Kapito was on a secret mission that would not only transform the fortunes of his employer, the investment group BlackRock, but change the face of the financial industry. Bob Diamond, the chief executive of Barclays Capital, was watching the game from his corporate box at the stadium, and Kapito needed an urgent, discreet chat with his old friend. So he scalped a ticket and made his way to the Bronx.

Barclays had taken a plunge by acquiring the US parts of Lehman Brothers when the investment bank imploded in 2008, but the deal quickly became a deadweight dragging the British bank down as well. By early 2009, Barclays was scrambling to raise money and avoid a UK government bailout. That meant it was open to selling the family silver, including its pioneering asset management arm Barclays Global Investors. It was even willing to sell it off piecemeal.

In early April, Barclays accepted a US$4.2 billion offer from CVC, a London-based private equity firm, for BGI’s rapidly growing exchange-traded fund (ETF) unit, iShares. Crucially, the agreement included a 45-day “go-shop” provision, which permitted Barclays to talk to other people who might be interested in topping CVC’s offer. This gave BlackRock an opening — but one it had to seize quickly.

The Yankees lost to Cleveland that night, but Kapito missed the entire game. He rushed up to Barclays’ corporate box, knocked on the door and asked Diamond to come out for a chat. Diamond agreed, and the two went for a walk. “Do you want to play checkers, or do you want to play chess?” BlackRock’s president asked Diamond, and presented his proposal.
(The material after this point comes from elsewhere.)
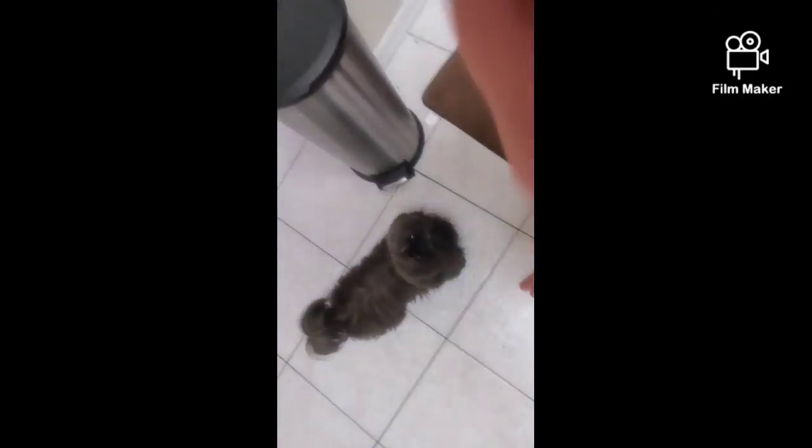I'd recommend not making these if you want them right away — instead make the peanut butter balls. Check out that video if you want something right away. We're going to play around a little, check on those peanut butter balls in a bit, and then add a piece to this video. See you there!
Instead of selling iShares to CVC, Barclays should sell all of BGI to BlackRock, said Kapito, in return for a big slug of money and stock in the combined company. That way, Barclays would get the capital it needed to avoid a bailout and still enjoy an interest in its money management arm through a substantial block of ownership in BlackRock, which would be transformed into a giant of the investing world.

“That’s a very intriguing idea,” Diamond replied. In fact, he had already received board approval to explore the sale of the entire business, and thought BlackRock was a natural buyer. He agreed to bring his boss John Varley to visit Kapito and BlackRock’s chief executive, Larry Fink, the next day. Two months later, the deal — worth US$13.5 billion at the time — was sealed and announced to the world.

Despite some early strife, it has proved phenomenally successful. BlackRock has become the largest asset manager on the planet, investing money for everyone from pensioners to wealthy oligarchs and sovereign wealth funds. Today, it is one of the biggest shareholders in virtually every major company in America — and quite a few internationally as well. It is also one of the biggest lenders to companies and governments around the world. And its technology platform Aladdin provides essential wiring for swaths of the global investment industry.

By the end of June this year, BlackRock was managing a whopping US$9.5 trillion in assets, a number that would be barely comprehensible to most of the 35 million Americans whose retirement funds were managed by the company in 2020. Assuming its recent pace of growth has continued, BlackRock could reveal in its third-quarter results on October 13 that the number has crossed the US$10 trillion mark. By the end of the year, it is likely to have vaulted over that level.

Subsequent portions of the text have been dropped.